Work instruction | After locating the line that contains "金价冲向1000元！黄金真的能成为最稳的理财产品吗？" in the data below, set down exactly that line and each one after it through the line that contains "合肥未来一周天气预报七天_合肥未来一周天气预报七天查询", and nothing more.

Dataset |
----

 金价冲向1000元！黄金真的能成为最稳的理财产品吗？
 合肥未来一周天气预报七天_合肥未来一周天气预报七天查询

----

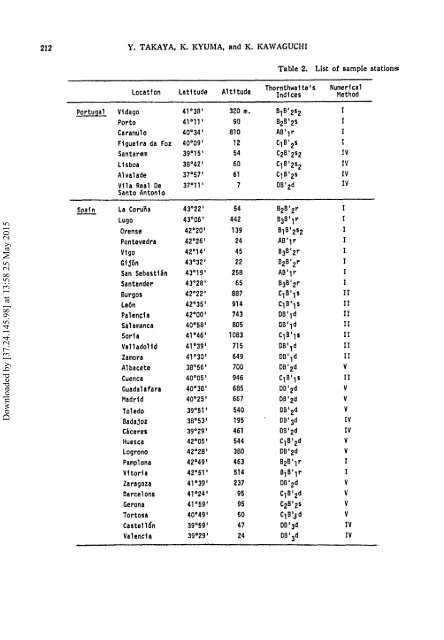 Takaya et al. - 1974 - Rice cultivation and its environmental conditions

----

Response to the exercise |
 金价冲向1000元！黄金真的能成为最稳的理财产品吗？
 合肥未来一周天气预报七天_合肥未来一周天气预报七天查询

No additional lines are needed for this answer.